After her US Open loss, Serena Williams had to manage other people’s feelings about her. Again.
Serena Williams and Naomi Osaka played a devastating match. Then they had to deal with everyone else’s emotions.
During the trophy ceremony for the women’s final of the 2018 US Open on Saturday, the new champion Naomi Osaka began to cry.
Serena Williams, who had just been defeated after a series of penalties she believed a male athlete never would have incurred, put her arm around Osaka. She whispered something in her former adversary’s ear. Beneath Osaka’s visor were the beginnings of a smile.
In that moment, the two showed more grace and respect than many commenting on the match, which became yet another referendum on Williams, whose every move is scrutinized in a way that’s inextricably tied to her gender and her race. Later, as the audience jeered during the trophy ceremony, Williams urged the crowd to support Osaka. “Let’s give everyone the credit where credit’s due and let’s not boo anymore,” she said.

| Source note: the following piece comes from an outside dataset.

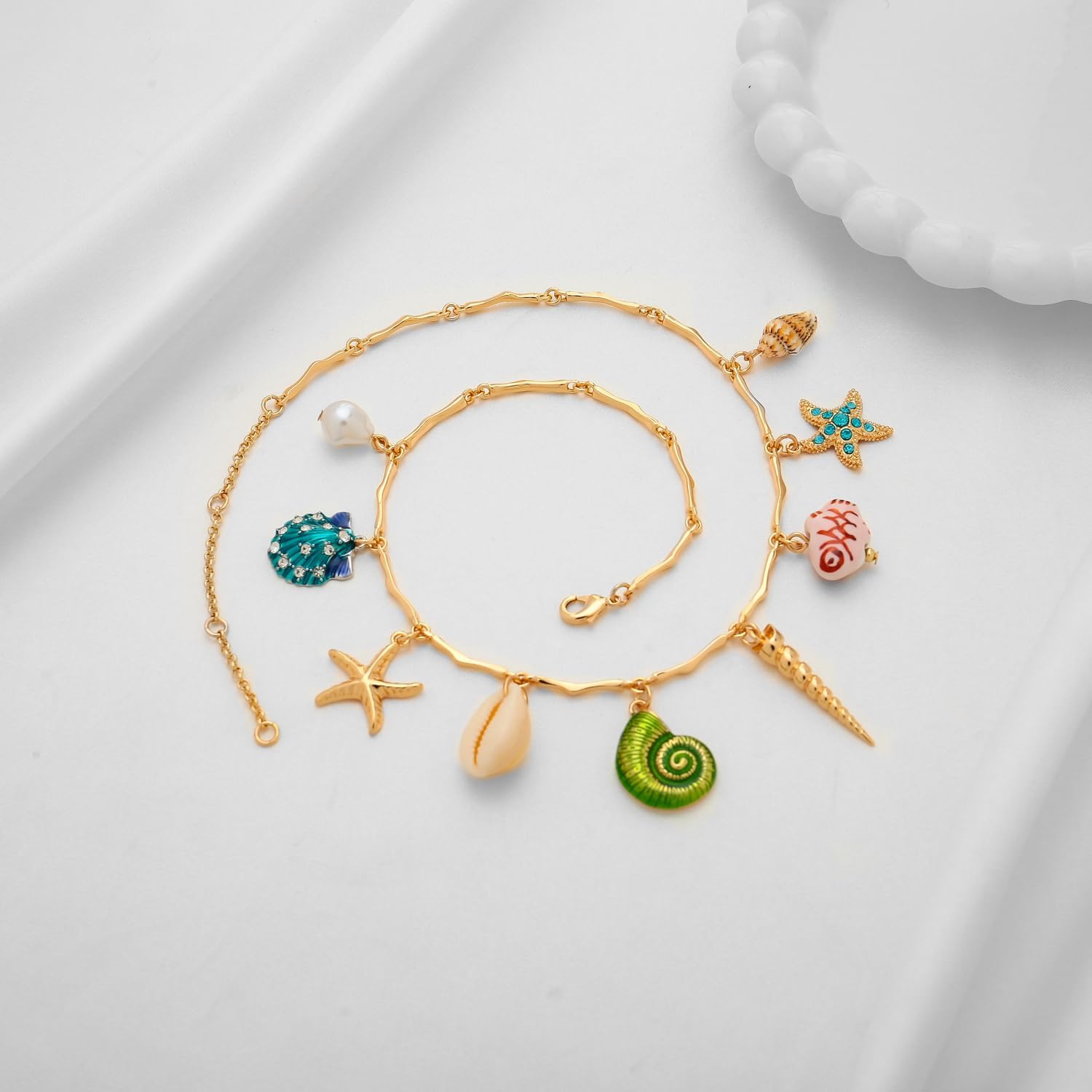 Starfish Charm Necklace for Women Gold Starfish with Seashell and Pearl Charms Ocean Themed Pendant Cute Beachy Necklace for Women Trendy Beach Summer Jewelry - Image 2
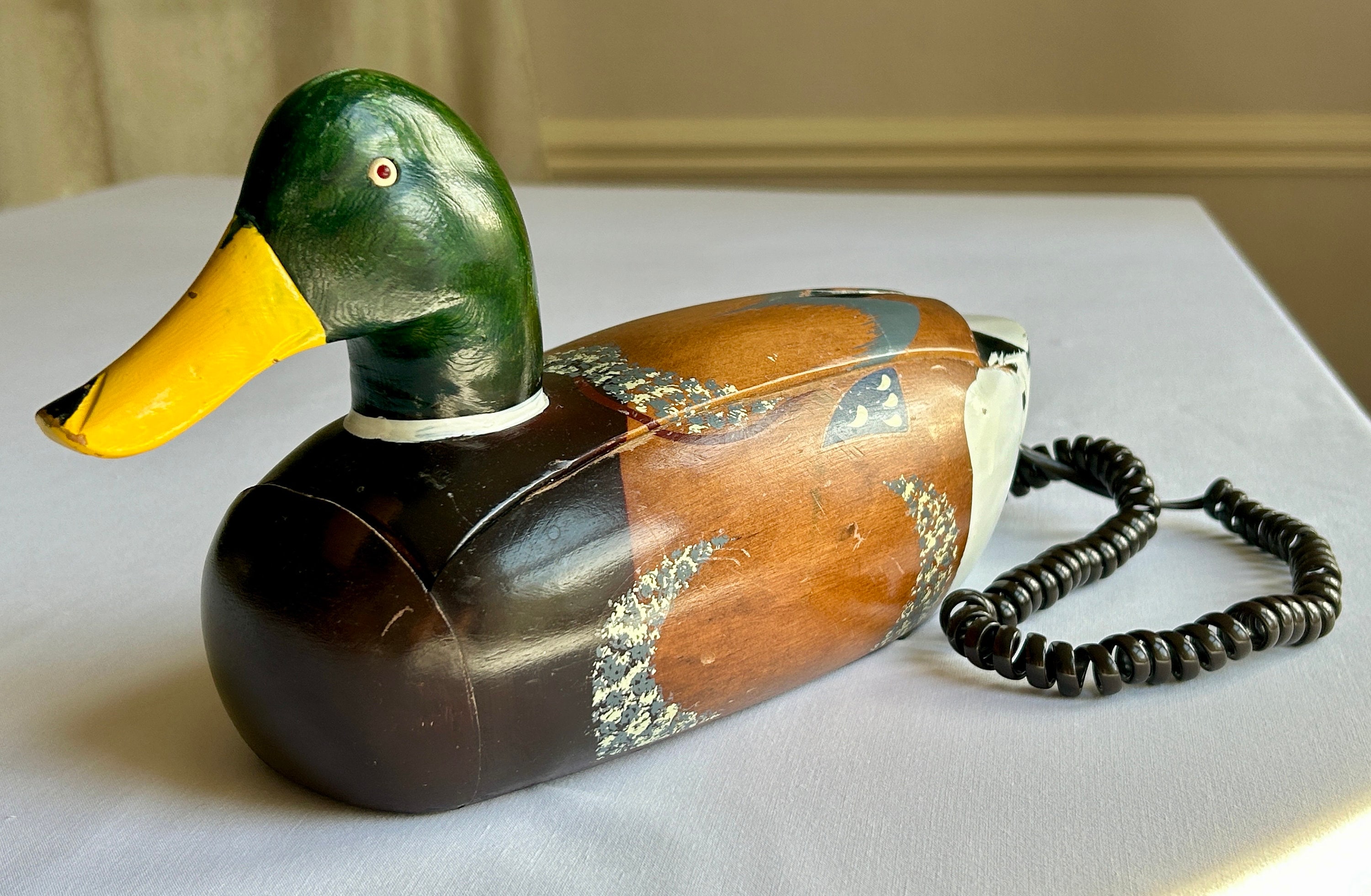 1980s Telemania Wooden Mallard Duck Wood Phone 80s Vintage, Cute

The ceremony was an example of what Williams and many other highly visible women, in sports and beyond, have to contend with every day. It’s not enough for Williams to be one of the best athletes in the world, mere months after nearly dying after giving birth to her daughter. She has to deal with sexist and racist judgment of the way she expresses her emotions, while working to manage the emotions of everyone who watches her play.

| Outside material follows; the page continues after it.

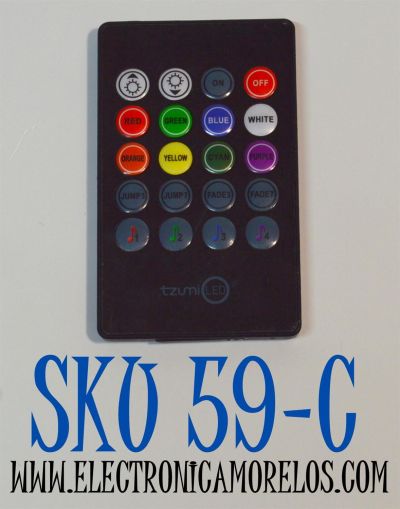 CONTROL REMOTO ORIGINAL TZUMI LED INFRARROJO PARA FUNCIONAR CON TIRAS LED RGB QUE TENGAN UN CONTROLADOR COMPATIBLE USUALMENTE MODELOS 3528/5050 QUE OPERAN A 12V. / NUMERO DE PARTE KL20435763 / 841351194150 / 9415SC / 3528 / 5050 / 5938 / 7408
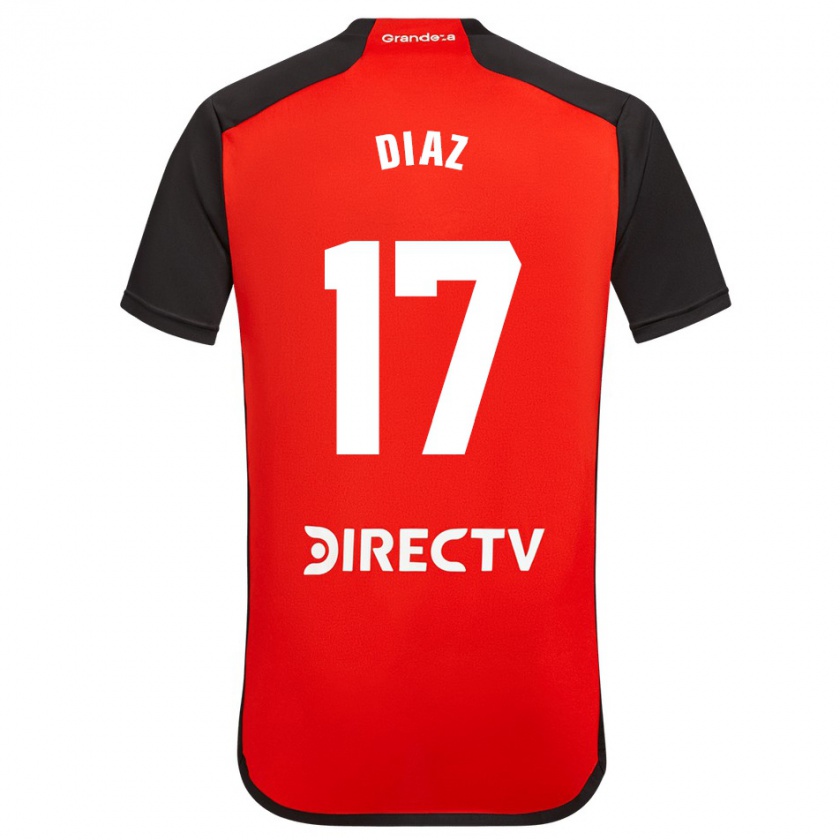 Kandiny Kinder Paulo Díaz #17 Rot Schwarz Weiß Auswärtstrikot Trikot 2024/25 T-Shirt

Williams and Osaka talked down the crowd gracefully
Earlier that day, Williams had sustained a series of penalties — for getting coaching from the sidelines (a charge she disputed), for throwing her racket, and for arguing with an umpire — that ultimately cost her a game. She had questioned the motivation behind the calls, saying to a referee, “There are men out here that do a lot worse.”
“Because I’m a woman, you’re going to take this away from me?” she asked. “That is not right.”

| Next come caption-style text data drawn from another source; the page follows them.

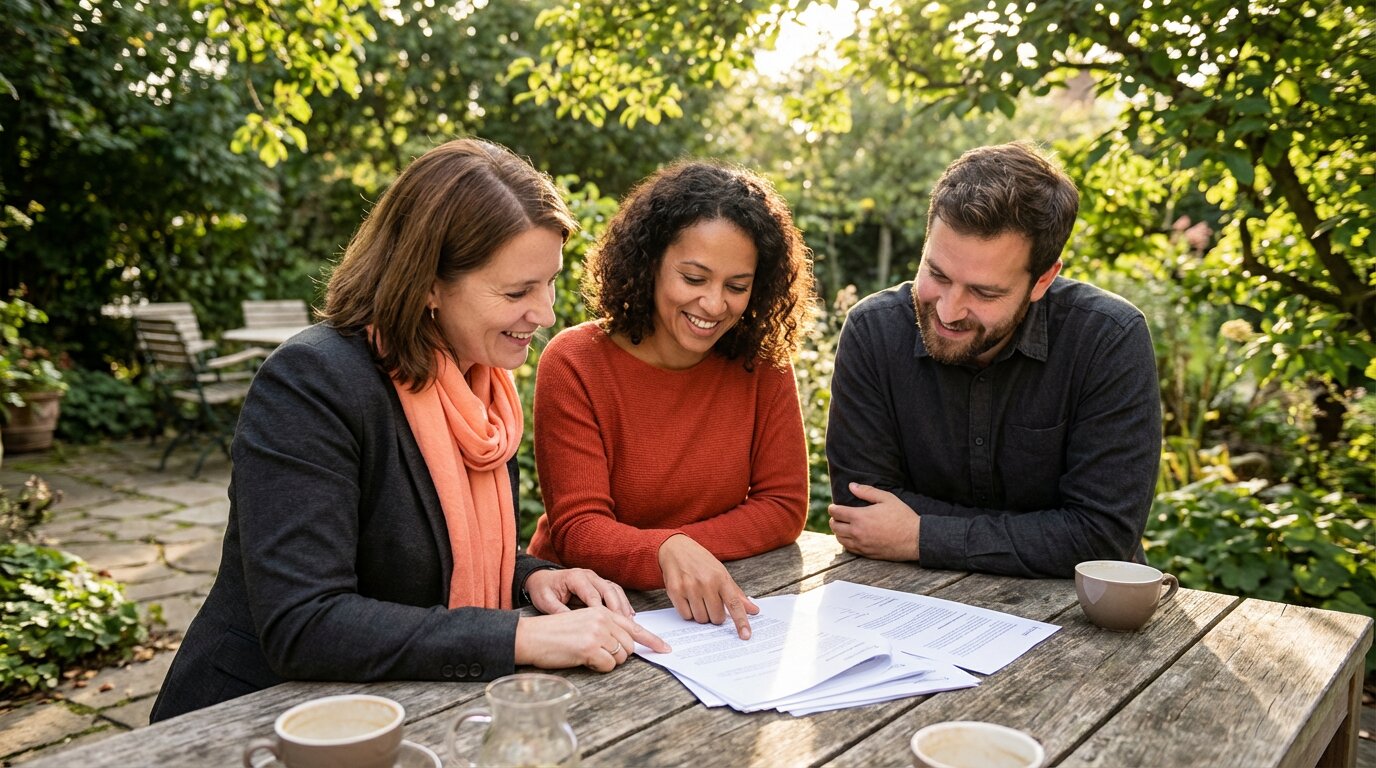 Three colleagues reviewing printed documents at an outdoor table.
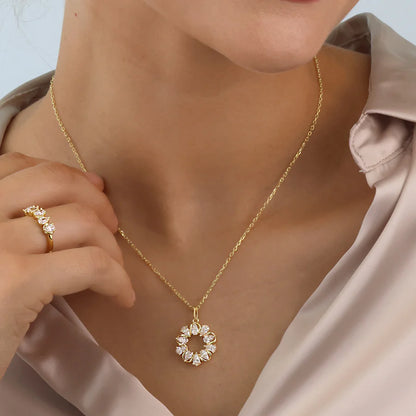 Silver Gold-plated CZ Sparkly Couture Necklace Brianna ST2557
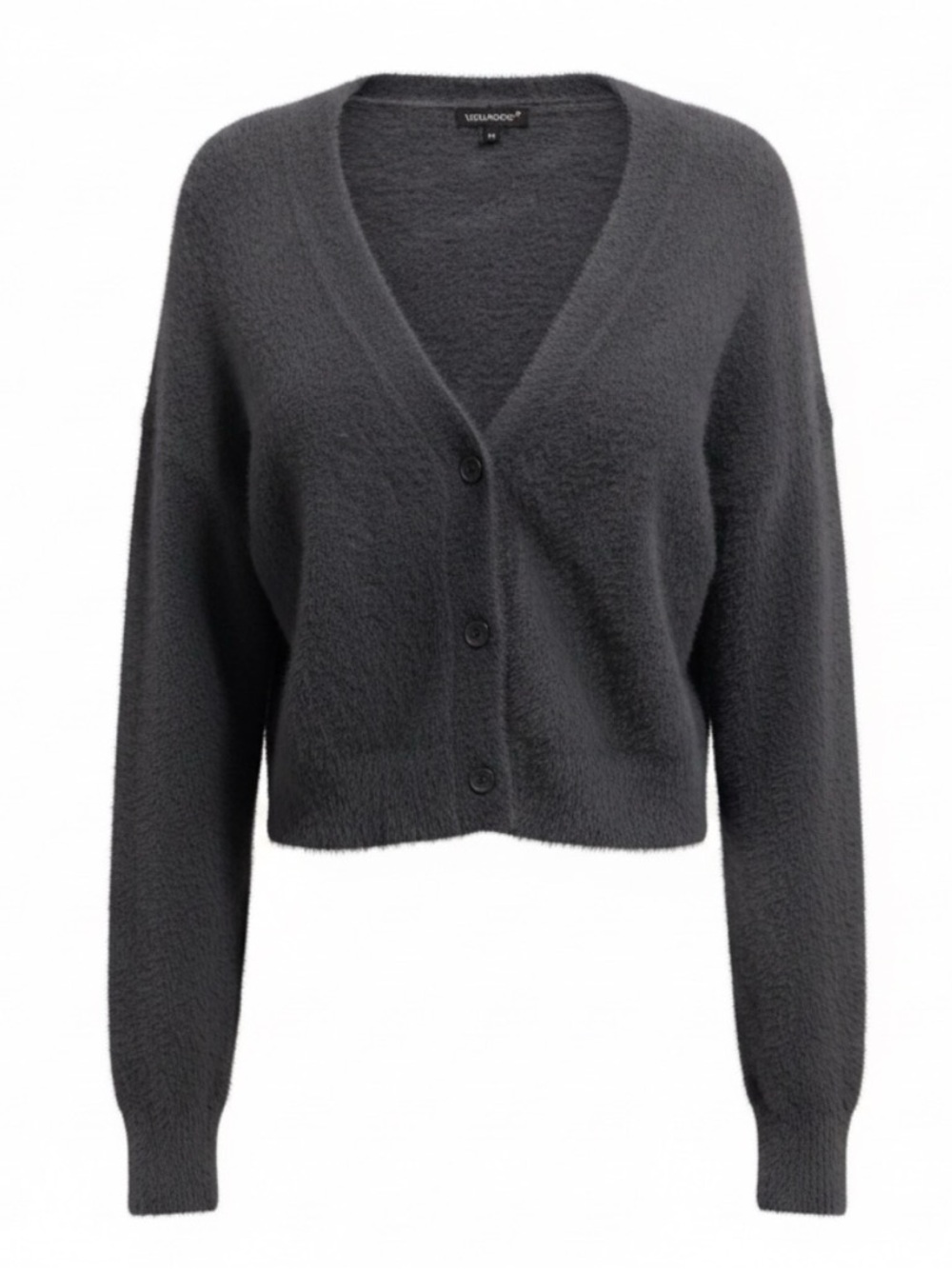 VERABENDLDI  Charcoal Fuzzy Women's Cardigan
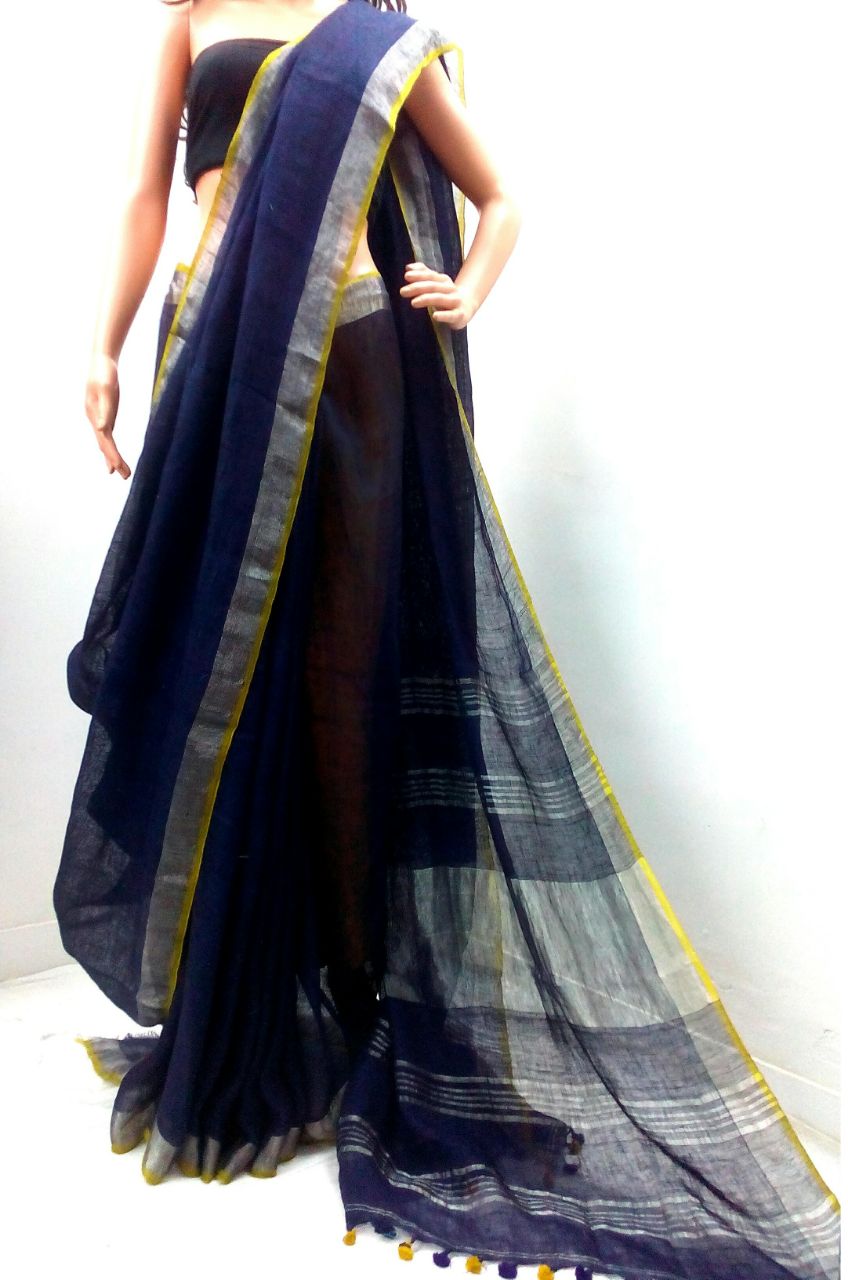 Royal Blue Silver Linen Saree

Williams had faced yet another example of what looked like unfair treatment, coming after the years of sexism and racism she’s faced from media and audiences alike. She had seen the dream of a 24th Grand Slam title, which would have been the first since the birth of her daughter Alexis Olympia and her recovery from a life-threatening blood clot, slip away. And then she had to stand up and accept the finalist trophy in front of a crowd whose boos and shouts could do nothing to restore what she felt was stolen from her.
Osaka, meanwhile, had just played against her childhood role model, the athlete whose performance on the court made her say, “I want to be like her,” according to the New York Times. She may have won, but she’d lost the chance to truly measure her skills against Williams, and to triumph without questions swirling around the victory. And then she had to stand up and accept her prize — her first Grand Slam singles trophy, and the first for any player born in Japan — in front of a booing crowd who’d wanted someone else to win.